When I attended graduate business school in the late 1970’s, the big “change” in finance was examining cash flow instead of earnings.  After all, the logic went, how can you make fair assessments on leverage and other ratios if you do not have a basic understanding of the underlying cash flow?  A few of us jokingly proposed that the solution to every case study should be the mantra, “cash is king.”

Within a couple of decades, the financial industry seemed to lose focus on examining cash flows and instead focused on earnings, which, in many cases, were generated by exotic financial instruments, some supported by outlandish leverage ratios of 100:1.  Others were backed by merely a guarantee (the credit default swap market and mortgage insurance market).  Evidently, institutions such as AIG and MBIA believed that receiving a one or two percent transaction fee for a guaranty was “easy money.”  It’s too bad that the accountants and the MBA’s weren’t communicating since “risk” has always been a formulation in valuation analysis and the higher the leverage, the higher the risk.
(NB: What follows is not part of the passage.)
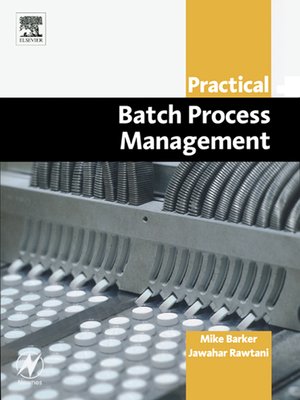 cover image of Practical Batch Process Management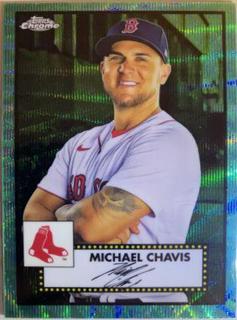 Michael Chavis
The collapse of the sub-prime lending market earlier this year was just the tip of the iceberg.  The tightening of credit by lenders and the mark-to-market of marketable securities were natural reactions (that should have occurred earlier) and unfortunately, have exacerbated the liquidity crunch.  Even some of the most secure commercial paper has been impacted with the flight to security by individual and corporate investors in a liquidity-strapped market where there are fewer buyers of bonds.